Passation de pouvoir

Néanmoins, le président sortant, qui a voté à Kinshasa, a qualifié ces élections de  » libres et crédibles « . Accompagné de son épouse, Marie-Olive Lembe, de sa soeur, l’influente Jaynet Kabila, et de son fils, Laurent-Désiré, Joseph Kabila s’est rendu à l’institut de la Gombe, dans le centre-ville. Un peu plus tard, on y a vu son dauphin, Emmanuel Ramazani Shadary, ex-ministre de l’Intérieur sous sanctions de l’Union européenne. A la sortie du bureau de vote, il a assuré avec aplomb :  » J’ai déjà gagné… Je serai élu, c’est moi le président à partir de ce soir.  » Des propos qui ont alimenté les supputations d’une élection présidentielle gagnée d’avance par le champion du pouvoir kabiliste. Martin Fayulu, le candidat de la coalition d’opposition Lamuka, qui a fait son devoir électoral dans le même bureau, est pourtant donné largement en tête des intentions de vote et les premiers comptages manuels de voix semblent confirmer la tendance. Fayulu a dénoncé  » de graves irrégularités  » dans le déroulement des opérations de vote, mais prédit  » la fin de la dictature, de l’arbitraire, de la misère du peuple congolais « . Plus dubitatif, Félix Tshisekedi, l’autre principal candidat de l’opposition, s’est inquiété du  » désordre organisé  » qui pourrait conduire la Cour constitutionnelle à invalider les élections. La veille du scrutin, Fayulu et Tshisekedi ont tous deux refusé de signer l' » acte d’engagement pour la paix « , un document dans lequel les candidats se seraient engagés à rejeter toute violence postélectorale. Les deux hommes estiment que le texte, accepté par leur rival de la majorité présidentielle, ne tenait pas compte de leurs demandes de garanties liées notamment à la présence d’observateurs à tous les stades du dépouillement.

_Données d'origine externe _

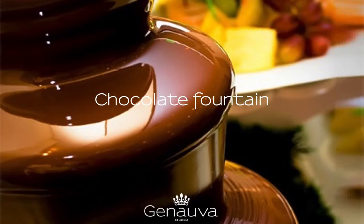Are you having a party? A chocolate fountain might be a great idea, everybody loves that. Ingredients: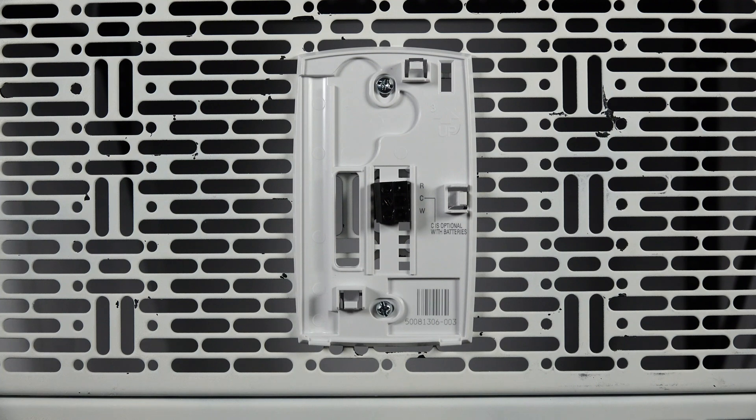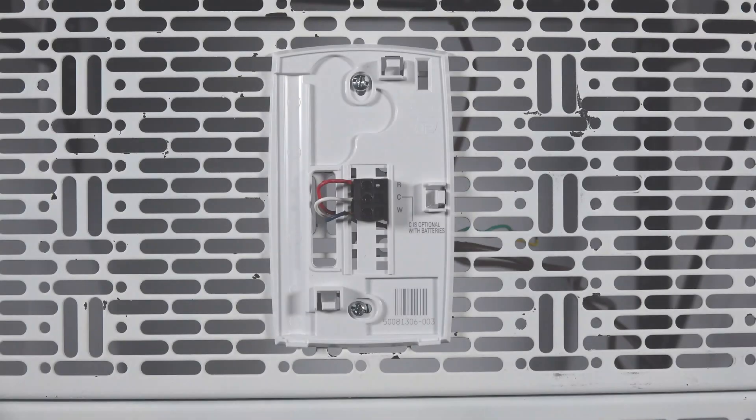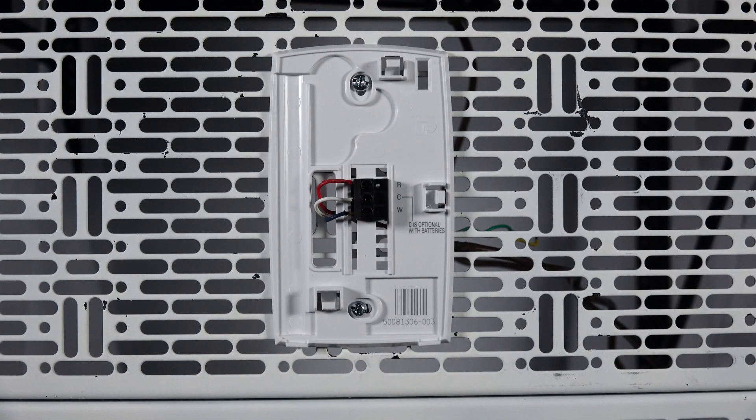When wiring the subbase, please verify your system type and wire accordingly. You can find wiring diagrams in the installation manual, or you can verify the connections at your furnace or air handler.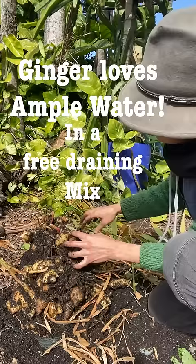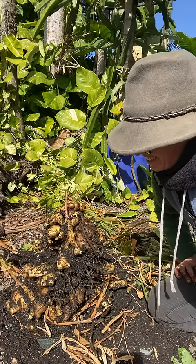A nice mountain of ginger — look at that! Pretty impressive: from one plant we've got a few kilos at least of ginger. Awesome.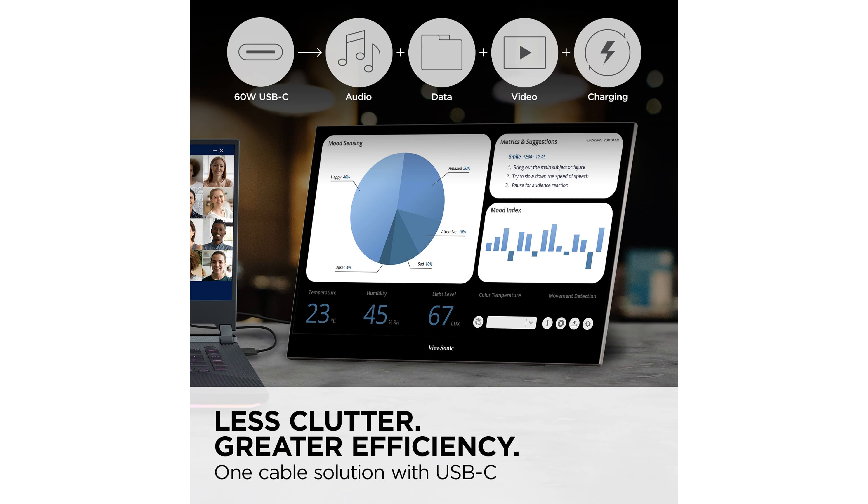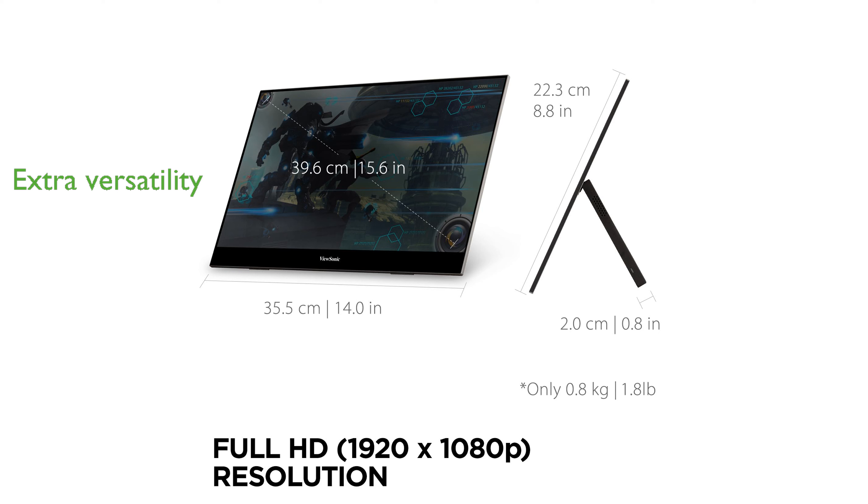The built-in stand with an integrated tripod mount adds extra versatility, catering to different viewing needs and environments. With a 3-year industry-leading warranty and access to US-based customer service, the ViewSonic VX1655 provides peace of mind and reliable support.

En août dernier, Joseph Kabila a fini par accepter, sous pressions africaines et américaine, de ne pas briguer par la force un troisième mandat consécutif. Certains lui prêtent l’intention de se représenter en 2023. Dans l’immédiat, la Constitution prévoit qu’il restera en fonction jusqu’à l’installation effective du nouveau président élu. Au-delà de la passation de pouvoir, l’ancien président sera sénateur à vie. Fort de son statut d' » autorité morale  » de sa coalition et du poids de son clan familial dans l’économie congolaise, il pourrait continuer à contrôler le jeu politique et à garder la haute main sur l’armée et l’appareil sécuritaire, pivots de l’Etat. Kabila a placé des fidèles à la tête du nouvel état-major et a promu John Numbi au poste d’inspecteur général des armées, un Katangais soupçonné d’être responsable de la mort du militant des droits de l’homme Floribert Chebeya et de son chauffeur en 2010. Un groupe d’experts de l’ONU a révélé ces jours-ci que le gouvernement congolais a acheté à des firmes chinoise, émirati, suisse et néo-zélandaise du matériel militaire sans en informer les Nations unies, ce qu’il aurait dû faire en principe.